For other folks covered by government health care (IIRC about 1/3 of Americans, according to one website) it would mean they get no mental health care at all if they're not active service military (i.e. they're a municipal worker, they're a spouse or dependent, etc).

It seems kind of cruel to me, but I suppose "no mental health care unless it's directly related to military action" is a consistent position of a sort.

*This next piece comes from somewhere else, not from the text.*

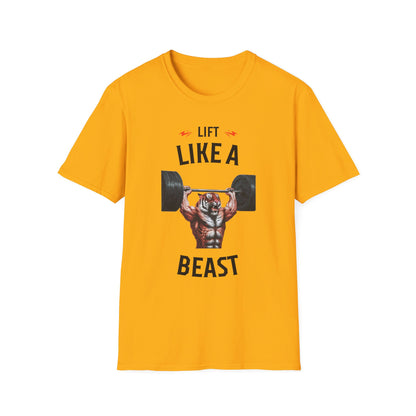 Like a Beast Gym Tiger T-Shirt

EDIT to add: There's also the bit that - at least as I understand it - it can be complicated to diagnose what the causes are for mental health issues. Often you start with the symptoms and only end up with the causes much later in the course of treatment (if at all). That is going to potentially complicate the determination of whether any given mental health issue was caused by military action or not.


HVC

Quote from: Jacob on September 12, 2024, 07:43:32 PM
Quote from: HVC on September 12, 2024, 07:34:08 PMI'm agnostic on the issue because I don't know enough either way, but for point 3 a distinction could be made for mental health issues caused by military action such as PTSD and Depression and those that are not like (pre-existing) addiction, Neurodevelopmental disorders, and I would argue mental health issues due to lack of gender affirming care.

For sure.

That would mean that someone in the military suffering from PTSD due to being assaulted or raped outside of military action, or suffering depression for reasons similarly unrelated (i.e. because of a genetic disposition or because the proximate cause is something like the death of a loved one) should not receive mental health care.

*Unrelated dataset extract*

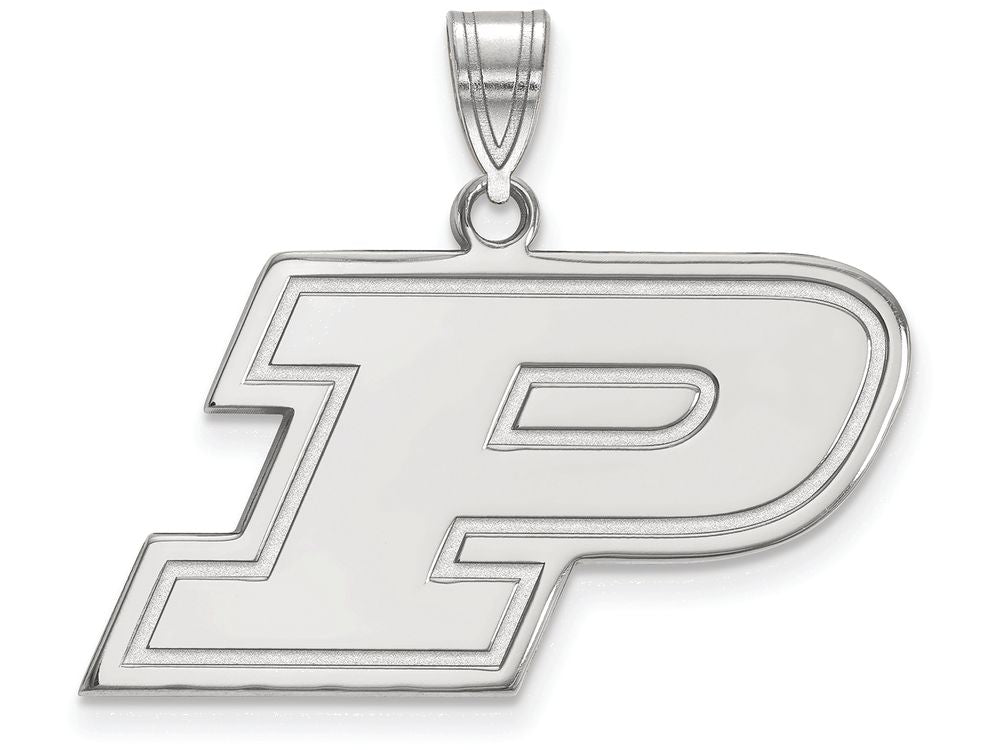 14k White Gold Logoart Purdue Medium Pendant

For other folks covered by government health care (IIRC about 1/3 of Americans, according to one website) it would mean they should get no mental health care at all if they're not active service military (i.e. they're a municipal worker, they're a spouse or dependent, etc).

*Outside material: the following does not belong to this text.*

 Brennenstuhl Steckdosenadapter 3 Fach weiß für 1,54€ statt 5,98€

It seems kind of cruel to me, but I suppose "no mental health care unless it's directly related to military action" is a consistent position of a sort.

I was thinking more in the context of military insurance rather than general insurance. Assuming they're different, but you know what they say about assuming. The American medical system in general is baffling to me. More of a thought exercise I suppose. Not a long thought out one, I admit.
Being lazy is bad; unless you still get what you want, then it's called "patience".
Hubris must be punished. Severely.

Admiral Yi

Sophie didn't say it is not guaranteed to succeed in the military.  You made that part up.

#2 is closest to what I believe.  Nobody has bothered to explain to me how reassignment is a medical necessity.  None of the advocacy I've been exposed to has discussed the medical necessity.  My first exposure to transgenderism was probably Silence of the Lambs.  The discussion there was limited to those cases in which reassignment is advisable.  No discussion of medical necessity. 

Mental health as constituting the medical necessity is IMO the most plausible and reasonable route to get me to where you want me to be in my thinking.  But that is a testable hypothesis.  Are you aware of any attempts to measure mental health of transgender people before and after reassignment?  I am not.  I take a cursory look at Caitlyn Jenner and I can't see any obvious improvement in mental health.

I have immense respect for the medical profession and expect that since I am placing myself in opposition to their collective wisdom I will probably end up being wrong.  But I still want to see the proof.